The Gluon tutorial shows that you need TMA + Warp specialization + Pipelining + Block scheduling and Cluster Launch Control to match cuBLAS performance.
Thoughts
I feels to me like Nvidia on top of their uniform CUDA programming model shoehorned a bunch of asics only accessible through complex ptx instructions with obscure semantics. The premise of these features is that they speed up deep learning work loads, but also are composable enough to maybe benefit other applications. In general they seem to enable more offloading of computation from the "main thread of computation" - TMA for loads and stores and the tensor cores for MMA, so the main thread can do other useful work. This allows each GPU kernel to do more, be more programmatic and expressive, better overlap computation with communication, etc.
But the reality is that I haven't seen these features used anywhere outside of matrix multiplication and maybe flash-attention 3. The various synchronization proxies, specialized patterns of using them, and semantics makes it very difficult to target by a compiler, to paraphrase the justification for the Gluon language: the Triton compiler cannot achieve 80% of speed-of-light performance on Hopper/Blackwell (whereas before on Ampere it could). Gluon was created to offer lower-level control, but at the cost of simplicity. Their code for GEMM with all the optimizations feels like a templating language designed specifically for matrix multiplication and contraction-esque workloads. Indeed, it is hyper specialized to Nvidia and the semantics of their instructions, not as a domain specific language offering nice abstractions over the GPU but a code generator using ad-hoc python metaprogramming slightly better than C++ templates.

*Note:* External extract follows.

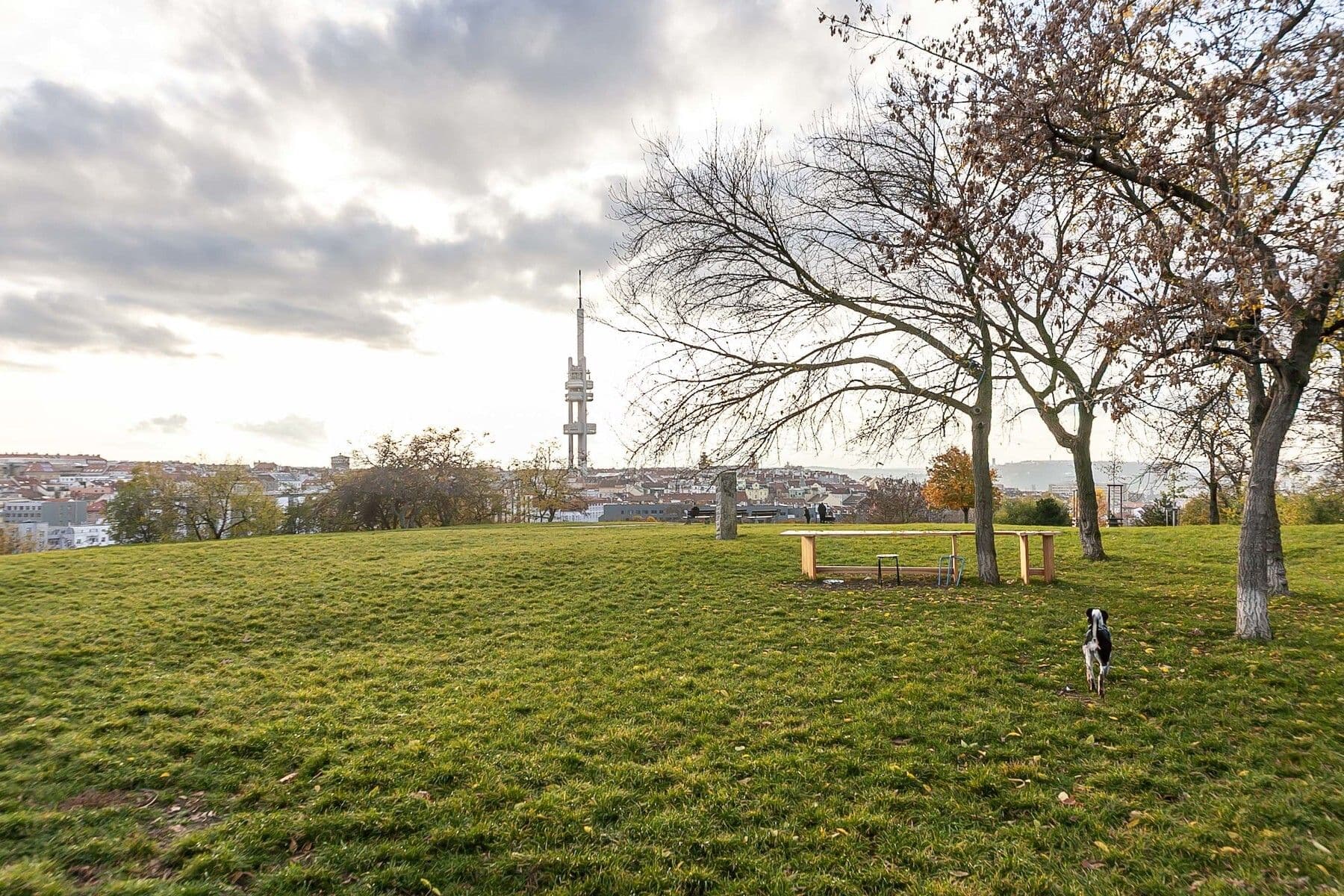 Predaj bytu 2-izbový 53 m², Jana Želivského, Praha, Praha Predaj bytu 2-izbový 53 m², Jana Želivského, Praha, Praha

The lack of an uniform interface, or consistent semantics is what really irks me. Since Ampere there are at least 3 ways to synchronize asynchronous things: cp.async.commit/wait for the first generation Ampere asynchronous memory copies, mbarriers (which can also synchronize cp.async requests), fence_async_shared as a memory fence for TMA async stores. Combined with at least 3 ways of synchronizing threads: __syncthreads() & __syncwarp(), mbarriers, various atomic instructions/load instructions with their own semantics and scopes (acquire/release, thread/CTA/gpu/system). What I'm not even sure at this point is whether these instructions will ever be backwards compatible down the line, because at this point it feels like a hodgepodge that will be depreciated a few generations later, nevermind being highly Nvidia specific and therefore non-portable.
This situation reminds me of CISC vs RISC back when it was relevant. CISC assumed that programmers liked writing assembly and thus made complex instructions with complex semantics, whereas what we really need and perhaps deserve is a simple instruction set with regular semantics, designed to be targetable by a compiler on a device where performance is not highly non-linear, where decent performance can be reached by a compiler with non-trivial perhaps, but not impossible optimizations. Nvidia made the common case suffer by devoting silicon to asics for matrix-like workloads - which is arguably the worst of both worlds because why not just make an asic like a TPU or something?